他们看到前方的敌人了,但那段距离,就像是天堑,无论他们如何拼命,都无法拉近。
而在日军视线的尽头,山西民团一团一营的士兵们,正完成最后一次交替掩护。
一挺架设在小土坡上的m1919勃朗宁机枪,对着后方追击的日军打完最后一条弹链,将几个冲在最前面的日本兵扫倒在地。
“撤!”
随着连长一声令下,机枪手和副射手动作娴熟地拆下枪管和三脚架,扛起来就往后跑。
他们的动作没有丝毫慌乱,甚至还有空回头对着远处的日军比划了一个国际通用的侮辱性手势。
当他们翻过这个小山坡后,眼前的景象豁然开朗。
那是一幅足以让所有日军指挥官都为之震惊的画面。
在一条被简单平整过的开阔地上,数十辆军绿色的道奇十轮大卡车,正静静地排成一排
所有卡车的引擎发出整齐划一的、低沉的怠速轰鸣声,如同蛰伏的钢铁巨兽。
每一辆卡车的车窗里,都坐着一名司机。
这,就是苏耀阳最大的底牌,也是他敢于跟第六师团玩极限拉扯的真正依仗……一支完全摩托化的军队!
“动作快点……上车……上车!”
营长站在一辆吉普车上,用铁皮喇叭大声吼道。
刚刚从前线撤下来的士兵们,迅速按照班排建制,跑向指定的卡车。
他们将步枪背在身后,互相拉扯着,熟练地翻身跳上车厢。
沉重的机枪、迫击炮等装备,也被七手八脚地抬了上去,稳稳地固定在车厢内。
整个过程流畅而高效,没有丝毫的拥挤和混乱。
一名年轻的士兵跳上车,找了个位置坐下,从怀里掏出半包烟,给身边的战友分发。
“他娘的,小鬼子这两条腿,还想追上咱们的四个轮子?做梦去吧!”
他点上烟,美美地吸了一口,吐出的烟圈飘向后方,充满了轻蔑。
车厢里的士兵们发出一阵哄笑。
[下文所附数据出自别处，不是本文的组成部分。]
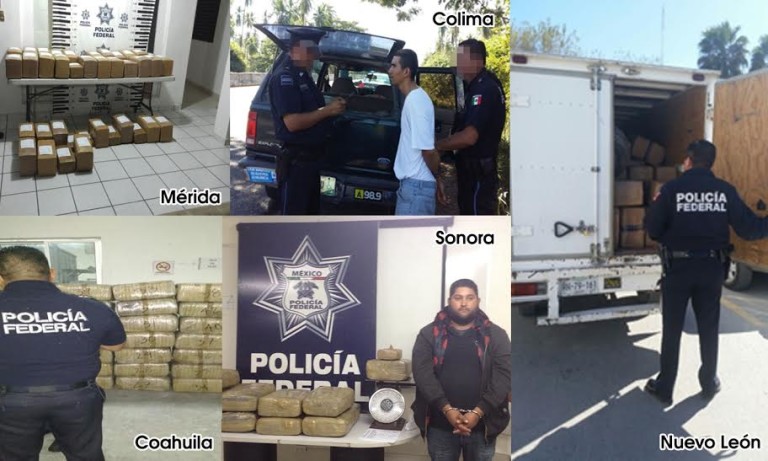 Decomisan más de una tonelada y media de marihuana en diferentes operativos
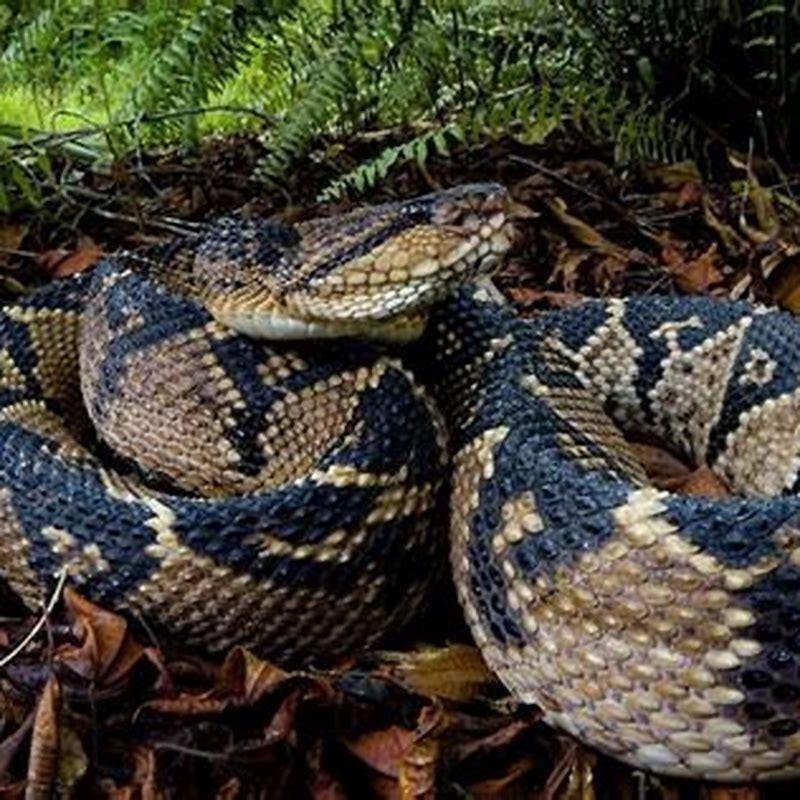 Will a bushmaster snake chase you? - DIY Seattle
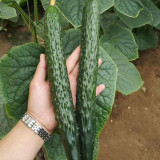 'New No.4' Gynoecious Cucumber Seeds | Early Maturing, High Yield, Disease Resistant for Open Field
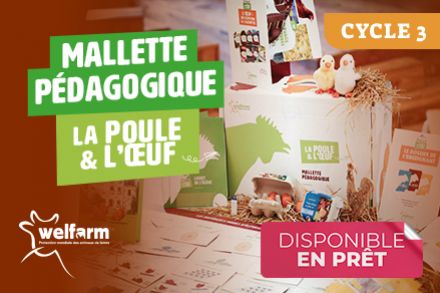 Une mallette pédagogique sur la poule et l'œuf !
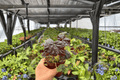 Begonia Lynda Evans - 2 Bare Root Live Plants in 4-Inch Pots (Exact Plants Shown)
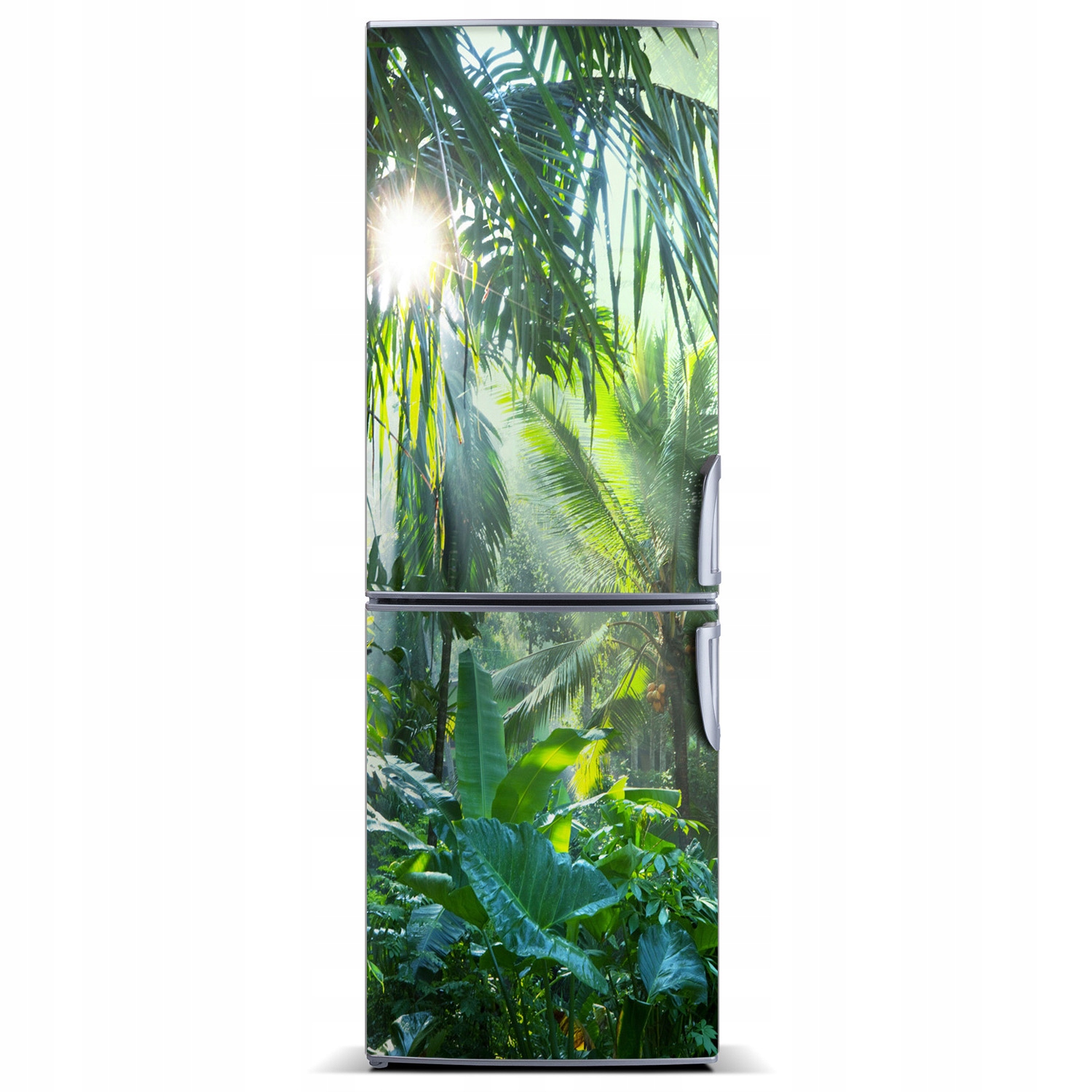 

Naklejka Magnes Magnes na lodówkę Dżungla 60x180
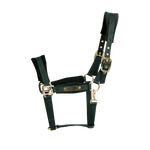 Kentucky Horsewear Velvet Halter - Equiluxe Tack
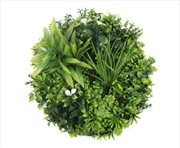 Buy Flowering White Disc UV Resistant 50cm (White Frame)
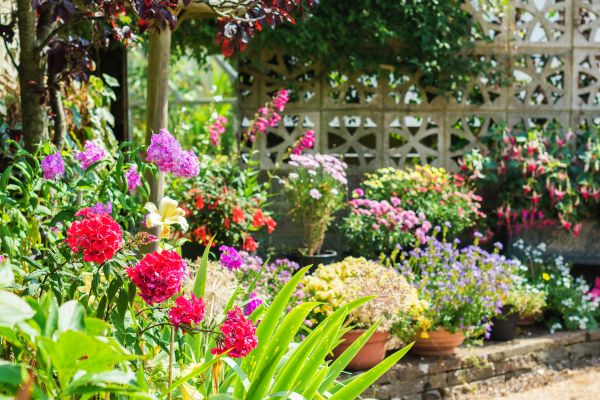 Spring Garden Maintenance in Prescott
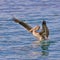 Golden Skim - Californian Brown Pelican\'s Tranquil Descent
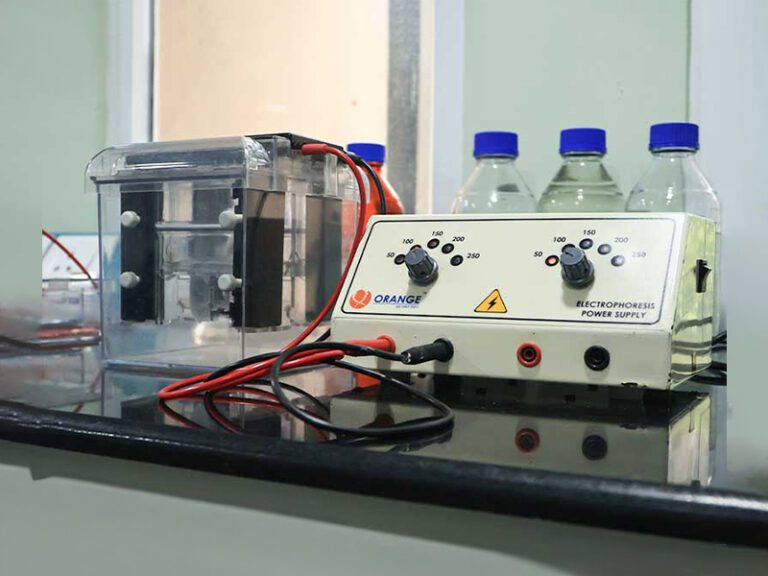 SDS-PAGE-Electrophoresis---Vertical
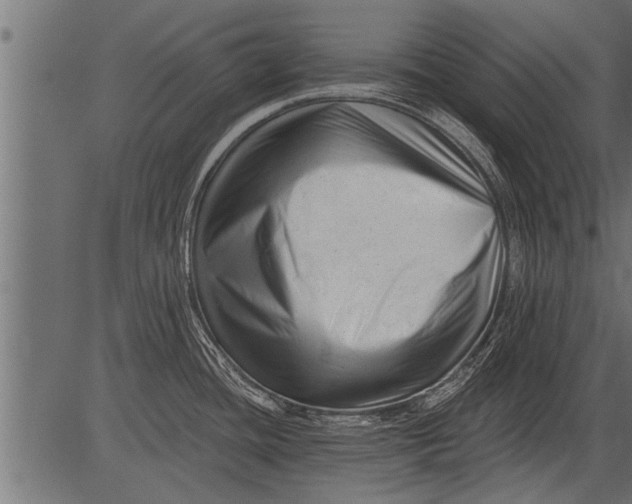 X0000081361436200702020129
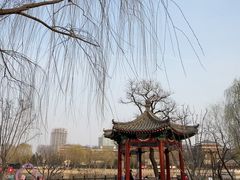 -西海子公园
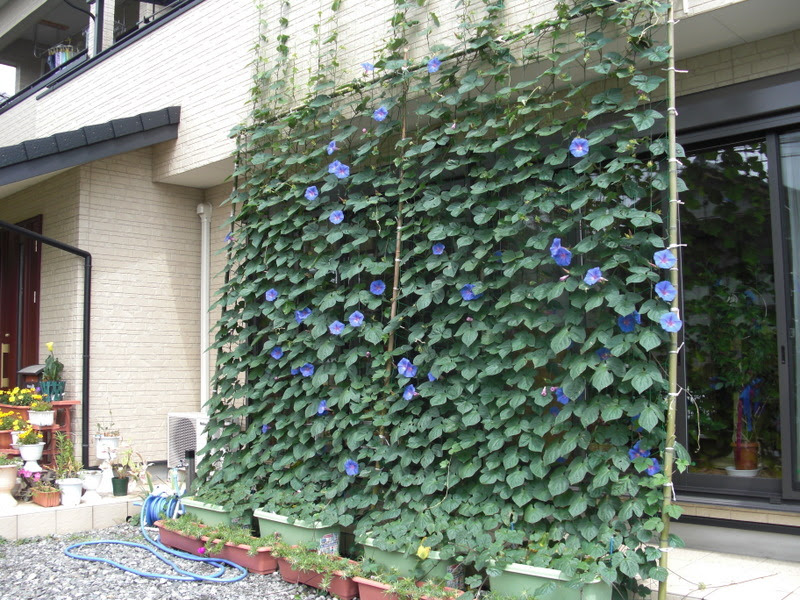 緑のカーテン 3 朝顔です シラネパック 宝石会社様用 ビニール製品販売 抜き型枠販売 ハードボード販売 さくらんぼ500g800g1kg化粧箱ウレタン付き販売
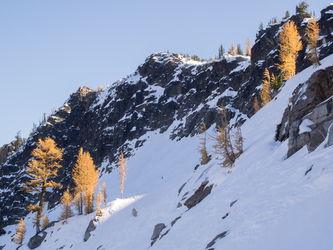 Icicle Ridge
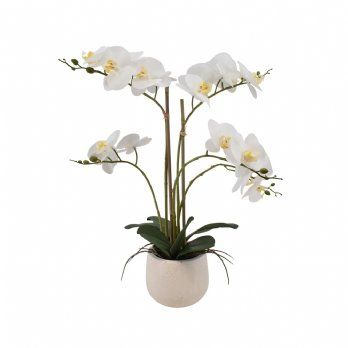salg af Kunstig hvid orkide, 5 grenet - H52 cm.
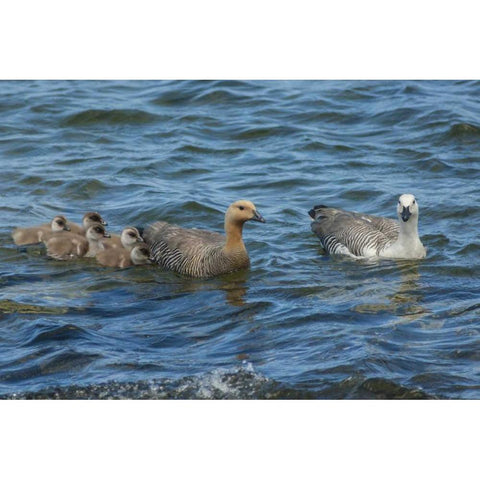 Bleaker Island Upland goose family swimming White Modern Wood Framed Art Print by Illg, Cathy and Gordon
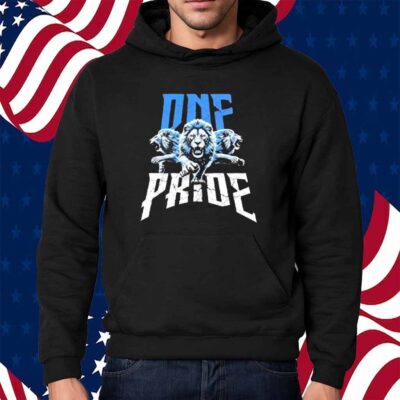 One Pride Detroit Lions Football Comfort Colors Shirt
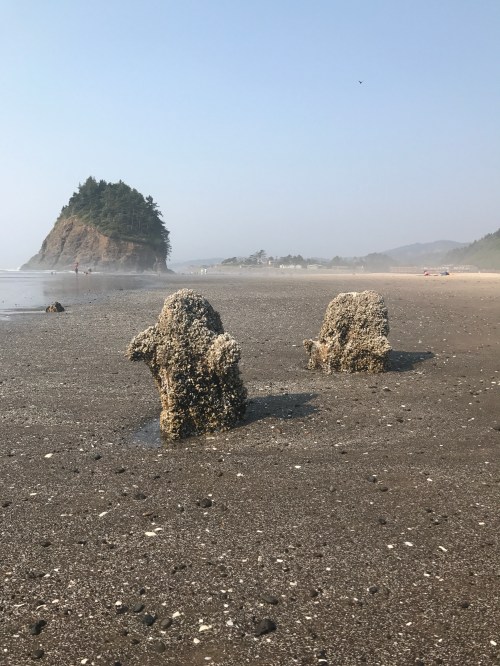 Two rock formations covered in barnacles on a sandy beach, with a distant island and hazy sky in the background.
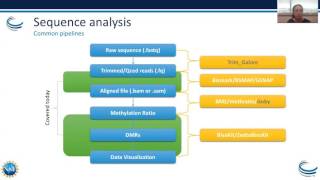 Webinar Epigenetics Part I – Bisulfite Sequence Analysis and Adenosine to Inosine Modifications [upl. by Hamas]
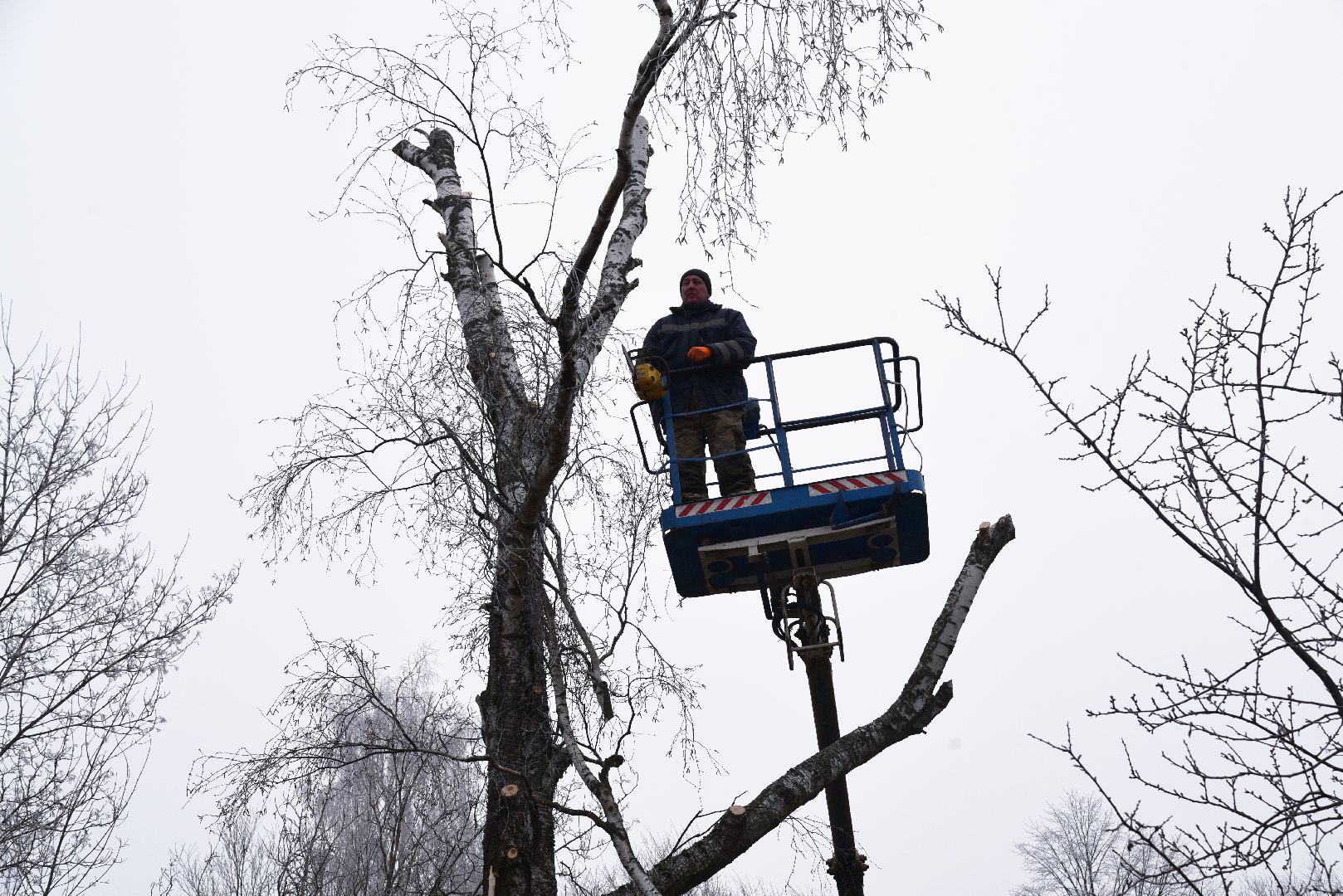 лотошино, добродел, обращение жителей, благоустройство, спил деревьев,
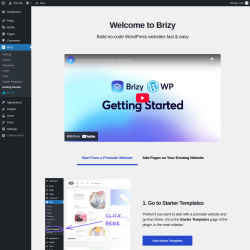 Page screenshot: Brizy → Getting Started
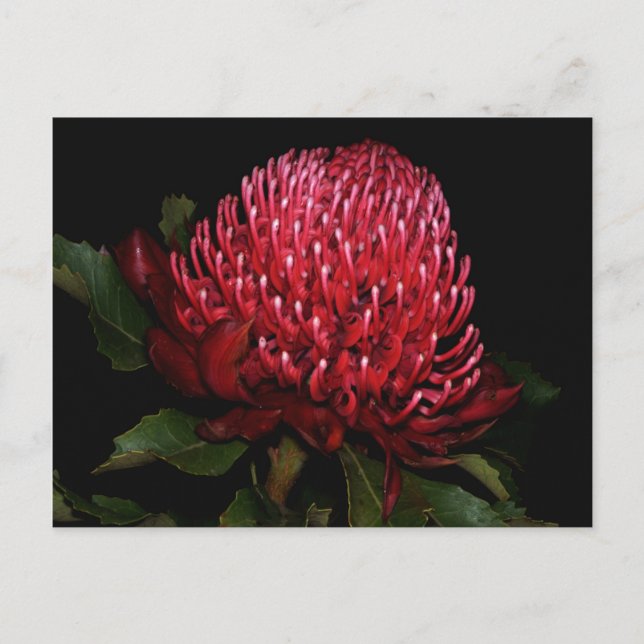 Grand Aussie Lady Postcard (Front)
他们看着远处地平线上那些还在奋力追赶的、如同蚂蚁般大小的黑点,眼神里充满了嘲弄。
随着领头的一辆指挥车鸣响了三声长笛,这条钢铁长龙开始苏醒。
“轰……轰轰……”
数十台引擎同时加大油门,汇聚成一股震耳欲聋的雷鸣!卡车扬起漫天尘土,组成一道黄色的屏障,将整个世界隔绝开来。
车队开始缓缓加速,卷起泥水,在身后留下了两道深深的车辙印。
远处的町尻量基,目瞪口呆地看着那条由烟尘和钢铁组成的巨龙,在自己的视线中迅速远去,最终消失在地平线的尽头。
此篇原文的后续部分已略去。